The 1975 Spring Offensive was a conventional one (the National Liberation Front had all but been spent in terms of manpower, though they were able to field seven infantry divisions, one corps headquarters, and five battalions of artillery for the final offensive). 270,000 North Vietnamese troops were already in South Vietnam at the signing of the Accords, and by the fall of Saigon, nearly every PAVN ground combat unit was deployed to South Vietnam. While the North Vietnamese had their own supply issues going into the offensive, by the fall of Ban Me Thuot, and the disastrous rout from the Central Highlands, it became clear to even the most casual observers, that South Vietnam would not be able to hold the majority of its remaining territory, if Saigon at all. The multiple denials of emergency military aid to South Vietnam had the effect of further demoralizing the South Vietnamese and eroding their willingness to fight.
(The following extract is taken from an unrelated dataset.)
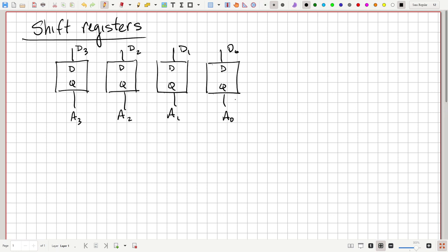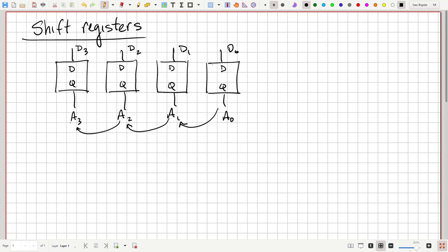Now to make it a shift register, what we want it to do is on each clock cycle — each rising edge — take the A0 value and move it over to A1, take A1 and move it to A2, A2 move it to A3. A3 could go somewhere else or just go away. That would be a shift register.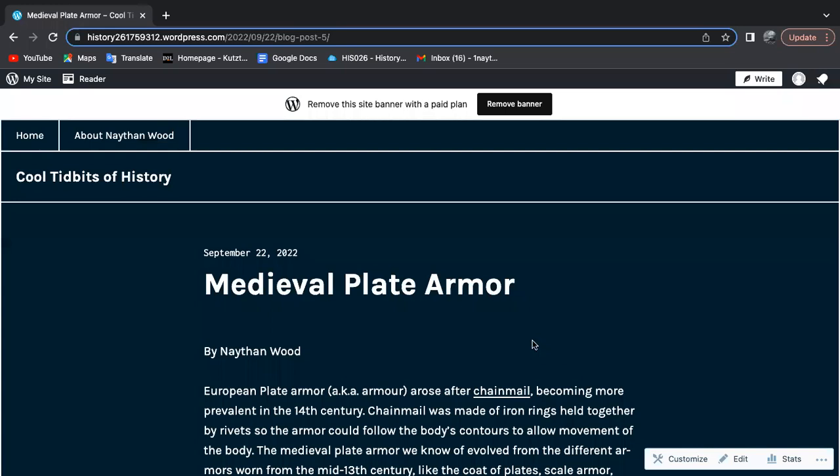Hello, my name is Nathan Wood, and today I want to talk about one of the most famous pieces of armor in history, otherwise known as medieval plate.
However, the South Vietnamese largely believed, right until the very end, that if the Americans had okayed emergency aid or even committed to air strikes, that Saigon or at least MR IV in the delta region could have been saved. This is reflected in anecdotal quotes and documents involving a proposed breakout from Saigon and idea of a redoubt around Can Tho.
As a result, Congress, already weary of the war, especially after U.S. combat withdrawal, seeing that the writing was on the wall for South Vietnam, refused to appropriate money that they thought would be "wasted." Ford had his hands tied by the War Powers Act, which only permitted non-Congressionally approved action involving "a national emergency created by attack upon the United States, its territories or possessions, or its armed forces." The Act and Congress's unwillingness to appropriate any money, made intervention an impossibility.